Grâce au travail de Hafiz et des autres, il a été possible de réinstaller 24 000 réfugiés dans des zones sûres, à l’abri des inondations et des glissements de terrain, et de prévenir un nombre incalculable de décès.

Un an plus tard, la réponse humanitaire au Bangladesh reste axée sur la nécessité de subvenir aux besoins humanitaires énormes des réfugiés du sud-est du pays, alors qu’un nombre réduit de nouveaux réfugiés continue à franchir la frontière en quête de sécurité – on compte environ 12 000 nouveaux arrivants depuis le mois de janvier.

Un soutien accru des bailleurs de fonds est nécessaire pour financer un plan d’aide humanitaire essentiel de 951 millions de dollars destinés à assurer le maintien de l’aide vitale jusqu’à la fin de l’année. Au début du mois d’août, seuls 32 pour cent de ce montant ont été financés.
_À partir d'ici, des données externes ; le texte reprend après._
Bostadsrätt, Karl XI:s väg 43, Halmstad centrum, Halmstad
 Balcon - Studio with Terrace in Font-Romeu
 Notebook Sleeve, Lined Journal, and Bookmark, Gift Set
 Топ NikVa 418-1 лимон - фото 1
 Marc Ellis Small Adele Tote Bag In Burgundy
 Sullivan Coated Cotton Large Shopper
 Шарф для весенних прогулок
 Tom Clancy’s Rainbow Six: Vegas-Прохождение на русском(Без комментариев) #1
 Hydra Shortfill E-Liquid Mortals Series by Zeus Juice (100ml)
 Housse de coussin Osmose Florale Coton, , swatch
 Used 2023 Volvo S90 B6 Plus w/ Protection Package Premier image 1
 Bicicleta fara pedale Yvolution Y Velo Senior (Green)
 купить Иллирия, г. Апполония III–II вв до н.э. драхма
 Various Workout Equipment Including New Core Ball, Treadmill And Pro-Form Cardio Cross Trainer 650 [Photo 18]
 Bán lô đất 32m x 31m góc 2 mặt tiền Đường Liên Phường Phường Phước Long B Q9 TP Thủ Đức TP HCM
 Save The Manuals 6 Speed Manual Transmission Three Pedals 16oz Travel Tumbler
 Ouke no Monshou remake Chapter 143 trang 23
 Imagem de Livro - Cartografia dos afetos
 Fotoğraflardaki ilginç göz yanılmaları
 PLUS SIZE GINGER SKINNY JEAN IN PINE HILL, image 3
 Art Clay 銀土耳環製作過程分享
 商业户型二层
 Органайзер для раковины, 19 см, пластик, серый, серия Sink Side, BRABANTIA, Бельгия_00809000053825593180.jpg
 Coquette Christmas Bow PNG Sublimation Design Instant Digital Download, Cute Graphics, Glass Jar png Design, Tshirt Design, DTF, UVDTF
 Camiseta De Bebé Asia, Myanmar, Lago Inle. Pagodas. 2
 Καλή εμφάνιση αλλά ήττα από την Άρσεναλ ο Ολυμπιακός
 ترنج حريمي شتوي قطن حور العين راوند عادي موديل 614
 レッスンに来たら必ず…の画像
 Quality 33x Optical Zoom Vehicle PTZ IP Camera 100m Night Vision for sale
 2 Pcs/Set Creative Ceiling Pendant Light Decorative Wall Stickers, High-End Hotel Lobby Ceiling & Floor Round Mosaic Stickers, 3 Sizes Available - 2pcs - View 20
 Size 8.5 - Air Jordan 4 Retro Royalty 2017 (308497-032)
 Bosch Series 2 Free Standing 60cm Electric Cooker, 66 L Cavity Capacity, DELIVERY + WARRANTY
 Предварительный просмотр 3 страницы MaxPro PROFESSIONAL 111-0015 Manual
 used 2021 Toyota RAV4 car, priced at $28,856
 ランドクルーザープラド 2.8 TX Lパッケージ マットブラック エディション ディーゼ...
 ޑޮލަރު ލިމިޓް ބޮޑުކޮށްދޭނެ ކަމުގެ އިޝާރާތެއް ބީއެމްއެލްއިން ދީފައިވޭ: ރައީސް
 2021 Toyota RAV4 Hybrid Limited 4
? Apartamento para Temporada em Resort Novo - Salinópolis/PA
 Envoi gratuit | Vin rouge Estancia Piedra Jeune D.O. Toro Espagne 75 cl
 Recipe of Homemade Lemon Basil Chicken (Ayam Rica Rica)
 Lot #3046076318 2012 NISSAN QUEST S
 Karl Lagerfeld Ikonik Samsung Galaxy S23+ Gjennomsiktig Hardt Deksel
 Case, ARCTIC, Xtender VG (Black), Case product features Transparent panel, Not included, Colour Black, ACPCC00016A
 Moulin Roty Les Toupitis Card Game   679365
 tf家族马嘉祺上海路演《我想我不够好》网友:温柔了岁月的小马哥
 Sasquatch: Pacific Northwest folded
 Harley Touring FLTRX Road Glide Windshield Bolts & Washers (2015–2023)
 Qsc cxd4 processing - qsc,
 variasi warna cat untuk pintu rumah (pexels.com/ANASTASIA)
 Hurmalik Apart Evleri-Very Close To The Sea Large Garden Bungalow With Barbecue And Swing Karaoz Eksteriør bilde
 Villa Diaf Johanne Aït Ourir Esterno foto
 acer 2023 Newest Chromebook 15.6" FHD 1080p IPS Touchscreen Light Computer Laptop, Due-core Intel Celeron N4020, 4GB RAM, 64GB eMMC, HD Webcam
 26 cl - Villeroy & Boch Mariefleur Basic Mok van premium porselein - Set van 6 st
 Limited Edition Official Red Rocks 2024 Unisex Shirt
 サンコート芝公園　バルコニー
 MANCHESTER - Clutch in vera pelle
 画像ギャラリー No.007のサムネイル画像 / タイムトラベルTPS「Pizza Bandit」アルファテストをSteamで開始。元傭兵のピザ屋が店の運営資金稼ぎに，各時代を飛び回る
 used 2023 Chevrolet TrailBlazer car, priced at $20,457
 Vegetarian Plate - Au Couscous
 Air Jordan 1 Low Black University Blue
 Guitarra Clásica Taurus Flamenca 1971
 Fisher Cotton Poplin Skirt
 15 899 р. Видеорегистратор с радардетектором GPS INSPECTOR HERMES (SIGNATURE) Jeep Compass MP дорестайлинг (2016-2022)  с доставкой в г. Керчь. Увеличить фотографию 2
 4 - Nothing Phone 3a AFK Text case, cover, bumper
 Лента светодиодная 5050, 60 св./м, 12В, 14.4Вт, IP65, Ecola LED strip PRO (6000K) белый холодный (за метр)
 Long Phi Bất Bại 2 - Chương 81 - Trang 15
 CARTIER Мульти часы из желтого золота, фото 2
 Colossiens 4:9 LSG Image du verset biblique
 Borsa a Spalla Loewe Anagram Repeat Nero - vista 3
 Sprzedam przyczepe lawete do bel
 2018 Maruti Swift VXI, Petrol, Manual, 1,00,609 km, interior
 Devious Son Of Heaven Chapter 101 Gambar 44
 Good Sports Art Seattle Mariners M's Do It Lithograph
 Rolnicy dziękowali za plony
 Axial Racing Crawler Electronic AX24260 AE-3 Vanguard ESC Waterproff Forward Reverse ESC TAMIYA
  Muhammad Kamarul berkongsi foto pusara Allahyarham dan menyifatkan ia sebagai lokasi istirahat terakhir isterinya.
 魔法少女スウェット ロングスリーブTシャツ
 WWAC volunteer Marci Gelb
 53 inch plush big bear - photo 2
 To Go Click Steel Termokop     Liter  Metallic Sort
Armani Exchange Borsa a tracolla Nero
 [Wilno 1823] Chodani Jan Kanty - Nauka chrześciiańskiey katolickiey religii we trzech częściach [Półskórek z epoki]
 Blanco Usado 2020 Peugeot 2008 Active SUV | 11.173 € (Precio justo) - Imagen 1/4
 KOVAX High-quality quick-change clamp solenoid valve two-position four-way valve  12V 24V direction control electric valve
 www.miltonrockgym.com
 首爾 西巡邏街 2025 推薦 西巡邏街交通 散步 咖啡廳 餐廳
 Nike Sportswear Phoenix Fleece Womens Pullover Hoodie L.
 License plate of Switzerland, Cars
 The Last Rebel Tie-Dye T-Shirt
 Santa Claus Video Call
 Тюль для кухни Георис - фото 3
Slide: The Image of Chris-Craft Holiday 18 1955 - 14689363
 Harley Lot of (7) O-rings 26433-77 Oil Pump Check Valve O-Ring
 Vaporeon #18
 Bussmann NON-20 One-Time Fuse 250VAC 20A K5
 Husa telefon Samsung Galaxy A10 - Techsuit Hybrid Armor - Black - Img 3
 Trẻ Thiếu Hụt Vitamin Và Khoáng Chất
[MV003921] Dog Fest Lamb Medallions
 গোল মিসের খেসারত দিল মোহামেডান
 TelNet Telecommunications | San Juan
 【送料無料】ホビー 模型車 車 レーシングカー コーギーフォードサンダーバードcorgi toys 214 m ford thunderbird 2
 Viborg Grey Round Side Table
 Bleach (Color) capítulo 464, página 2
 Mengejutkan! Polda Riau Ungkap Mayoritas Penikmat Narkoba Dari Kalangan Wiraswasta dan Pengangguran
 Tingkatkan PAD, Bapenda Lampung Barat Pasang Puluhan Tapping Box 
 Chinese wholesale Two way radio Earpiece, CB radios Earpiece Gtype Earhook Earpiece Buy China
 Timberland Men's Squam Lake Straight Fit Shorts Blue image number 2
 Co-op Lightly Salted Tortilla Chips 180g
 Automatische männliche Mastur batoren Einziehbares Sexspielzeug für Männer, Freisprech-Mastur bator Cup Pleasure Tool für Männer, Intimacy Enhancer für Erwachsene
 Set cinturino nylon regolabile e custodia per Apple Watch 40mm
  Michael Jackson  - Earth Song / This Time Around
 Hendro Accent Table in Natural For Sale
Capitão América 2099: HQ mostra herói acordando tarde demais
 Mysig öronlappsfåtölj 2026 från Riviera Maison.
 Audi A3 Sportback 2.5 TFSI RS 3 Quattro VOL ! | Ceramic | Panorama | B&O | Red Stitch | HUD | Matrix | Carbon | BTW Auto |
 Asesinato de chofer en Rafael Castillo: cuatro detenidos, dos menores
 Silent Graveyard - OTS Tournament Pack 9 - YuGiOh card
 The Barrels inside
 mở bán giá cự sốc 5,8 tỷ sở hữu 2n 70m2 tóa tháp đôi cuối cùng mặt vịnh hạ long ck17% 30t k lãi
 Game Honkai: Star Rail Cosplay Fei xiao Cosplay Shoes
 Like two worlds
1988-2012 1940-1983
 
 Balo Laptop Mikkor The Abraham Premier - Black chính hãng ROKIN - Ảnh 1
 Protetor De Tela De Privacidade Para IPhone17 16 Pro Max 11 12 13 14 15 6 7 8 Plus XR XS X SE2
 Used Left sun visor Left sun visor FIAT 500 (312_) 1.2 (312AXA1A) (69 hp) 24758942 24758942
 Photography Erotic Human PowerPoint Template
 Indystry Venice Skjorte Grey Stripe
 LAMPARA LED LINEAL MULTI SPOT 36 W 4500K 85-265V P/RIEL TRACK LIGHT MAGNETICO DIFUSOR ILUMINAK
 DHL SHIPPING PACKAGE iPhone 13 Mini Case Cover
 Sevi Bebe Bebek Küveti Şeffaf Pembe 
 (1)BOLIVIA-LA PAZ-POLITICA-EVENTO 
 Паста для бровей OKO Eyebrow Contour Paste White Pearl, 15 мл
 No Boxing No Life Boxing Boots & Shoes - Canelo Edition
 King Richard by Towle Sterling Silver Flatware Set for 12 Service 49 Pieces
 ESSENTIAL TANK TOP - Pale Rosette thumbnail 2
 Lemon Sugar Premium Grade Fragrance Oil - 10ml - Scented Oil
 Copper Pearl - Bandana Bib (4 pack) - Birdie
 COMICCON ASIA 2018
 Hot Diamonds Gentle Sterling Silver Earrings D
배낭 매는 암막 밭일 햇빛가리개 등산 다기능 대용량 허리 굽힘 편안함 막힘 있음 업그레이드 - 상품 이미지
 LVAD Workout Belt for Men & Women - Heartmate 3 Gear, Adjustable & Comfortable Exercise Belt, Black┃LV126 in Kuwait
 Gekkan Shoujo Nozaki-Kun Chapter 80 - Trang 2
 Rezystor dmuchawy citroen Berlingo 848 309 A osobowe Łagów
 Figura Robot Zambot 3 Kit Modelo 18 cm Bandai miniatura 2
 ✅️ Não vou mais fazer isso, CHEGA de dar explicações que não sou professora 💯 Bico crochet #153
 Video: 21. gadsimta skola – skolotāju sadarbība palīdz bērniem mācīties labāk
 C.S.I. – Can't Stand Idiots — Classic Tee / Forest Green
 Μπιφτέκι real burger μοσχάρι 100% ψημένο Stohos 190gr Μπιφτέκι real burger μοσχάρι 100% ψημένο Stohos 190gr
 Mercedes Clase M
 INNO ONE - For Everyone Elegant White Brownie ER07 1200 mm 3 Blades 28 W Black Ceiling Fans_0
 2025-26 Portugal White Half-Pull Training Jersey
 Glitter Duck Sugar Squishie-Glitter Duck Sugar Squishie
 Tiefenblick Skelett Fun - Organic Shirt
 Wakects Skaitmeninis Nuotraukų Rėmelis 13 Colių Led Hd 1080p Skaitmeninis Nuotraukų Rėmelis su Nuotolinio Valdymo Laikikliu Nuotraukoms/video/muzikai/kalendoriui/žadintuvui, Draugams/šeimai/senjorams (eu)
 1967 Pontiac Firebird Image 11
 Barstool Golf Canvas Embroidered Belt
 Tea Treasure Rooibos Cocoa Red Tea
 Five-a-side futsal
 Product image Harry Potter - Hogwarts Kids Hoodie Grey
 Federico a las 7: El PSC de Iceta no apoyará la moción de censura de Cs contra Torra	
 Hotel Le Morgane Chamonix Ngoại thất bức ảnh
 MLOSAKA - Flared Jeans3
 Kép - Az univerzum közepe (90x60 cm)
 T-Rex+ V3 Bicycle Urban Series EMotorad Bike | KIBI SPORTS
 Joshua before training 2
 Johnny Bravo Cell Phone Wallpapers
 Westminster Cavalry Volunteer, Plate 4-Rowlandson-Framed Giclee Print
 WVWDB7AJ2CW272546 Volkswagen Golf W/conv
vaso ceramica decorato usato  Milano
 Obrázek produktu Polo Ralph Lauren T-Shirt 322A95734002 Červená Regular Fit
L’objectif reste le retour volontaire des réfugiés dans leurs foyers au Myanmar, lorsque les conditions locales le permettront. Le HCR travaille avec les autorités du Myanmar pour créer ces conditions dans l'Etat de Rakhine. Mais des progrès importants demeurent nécessaires pour lutter contre les causes profondes de la crise, notamment la liberté de circulation, la sécurité et une voie vers la citoyenneté pour toutes les communautés.

Dans l'intervalle, il est urgent d'accroître l'aide internationale afin d'intensifier l'assistance au Bangladesh et de passer d'un soutien purement humanitaire et quotidien à une aide à moyen terme - à savoir la fourniture de moyens de subsistance, l'éducation, l'enregistrement, les programmes pour les plus vulnérables - les enfants, les femmes et les personnes âgées.

Pour Kurshida, une bénévole communautaire de santé, la possibilité d’obtenir une éducation signifierait une transformation profonde. « Nous sommes qualifiés », dit-elle. « Nous voulons nous former pour pouvoir parler en notre nom propre. »

Reportage de Keane Shum, Roger Burks et Viktor Pesenti à Cox Bazar, Bangladesh.